David Harrison II ’10, one of the most accomplished offensive linemen in Elon football history, remembers trying not to panic post-game as he looked in the mirror. But the fact that he could barely see made his emotions run high.
It was the third game of his senior season and the Phoenix were on the road at Presbyterian College in South Carolina. On the heels of Harrison’s strong play, NFL scouts were starting to pay attention. “People had been telling me, ‘This is your year,’ and I believed it,” Harrison recalls.
The NFL aspirations meant a tremendous amount to Harrison, an under-recruited high school lineman from Charlotte, North Carolina, who turned one transformative year at Louisburg College into four standout seasons as an Elon starter. His future appeared to be revealing itself. The guard played much of the Presbyterian game with blurred vision, but he thought little of it. It just felt like something was in his eye. And he had a history of vision issues stemming from keratoconus, an eye condition that can affect one’s sight. “After the game, I looked in the mirror and my left eye was actually gray,” the leisure and sport management major says. “It looked like a cloud was in my eye.”
Doctors informed Harrison that he had ruptured his cornea, and they later cast doubt about his future playing career. “I put so much into this dream. I had been playing football since I was 7 years old,” Harrison says. “I told them right then, ‘No way. This is my senior year.’ I told them to put a visor on my helmet and I’d play the rest of the season like that. “So, I played the rest of my senior year with one eye.”
That spring Harrison received an invitation to a St. Louis Rams rookie camp, and he felt he played well at the three-day workout. “I really thought I performed at a level where they would bring me back,” he says. But the franchise chose a player who could play tackle, not guard. A tryout with the United Football League had the same outcome.
With his playing career over, Harrison felt lost. “When you play as long as I did, football becomes your identity. And you can struggle to know who you are outside of the game,” he says. Harrison went through what he called a “depressed period” that only lifted when he found purpose back on the field. A former high school coach invited Harrison to join the staff of Hough High School in Charlotte, and the Elon standout found fulfillment mentoring young players in his hometown.
A few years later, Harrison’s career transitioned into personal training, and in 2017 he established Harrison’s Offensive Line Development (H.O.L.D), an elite offensive line development program.
His tutelage, training regimen and motivation have resulted in 18 current Division I and Division II student-athletes, several with NFL potential. Who was Harrison’s first trainee? Ahmarion McLeod ’26, a redshirt freshman on the Elon football team.

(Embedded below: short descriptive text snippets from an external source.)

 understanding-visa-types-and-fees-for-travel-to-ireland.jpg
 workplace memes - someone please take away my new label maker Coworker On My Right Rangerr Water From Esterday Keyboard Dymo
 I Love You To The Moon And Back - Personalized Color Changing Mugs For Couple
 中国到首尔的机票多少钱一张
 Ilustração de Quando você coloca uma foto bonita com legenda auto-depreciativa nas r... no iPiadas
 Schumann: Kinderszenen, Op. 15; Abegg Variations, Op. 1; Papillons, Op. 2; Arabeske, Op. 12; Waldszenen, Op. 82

“What makes Coach Harrison a good coach, mentor and trainer is that he pushes his players to dig deep to reach their maximum potential,” says McLeod, who began training with Harrison as a seventh grader. “He understands the fundamentals of the game and knows how to convey it in a way that is receptive to each individual player.”
H.O.L.D. offers private and group instruction, in-person and virtually, to support athletes with college aspirations. Harrison is currently working on a mobile app to train athletes nationally. His ability to lead and motivate has resonated with Tony Trisciani, Elon head football coach, since their first encounter 15 years ago. In years since, Trisciani has invited Harrison to speak to his program.
“I have watched David make the people around him better since the day I met him,” Trisciani says. “He is the hardest worker in any room he walks into. Having winning habits, encouraging others and his ability to build meaningful and lasting relationships have led to his success.”
And Harrison still seeks victories — now in the business world.
A year and a half ago, he formally released his patented H.O.L.D Wheel, a detachable strength training device designed for offensive linemen. The octagon-shaped tool improves a player’s strike, teaching them to keep their elbows tight, balance their weight and hit with power. The University of Florida, the University of South Carolina, UNC-Charlotte and Elon have all purchased sets.
“To think back to my initial drawing of the wheel, and to now walk into Division I programs and see that same product in use, it means the world,” Harrison says.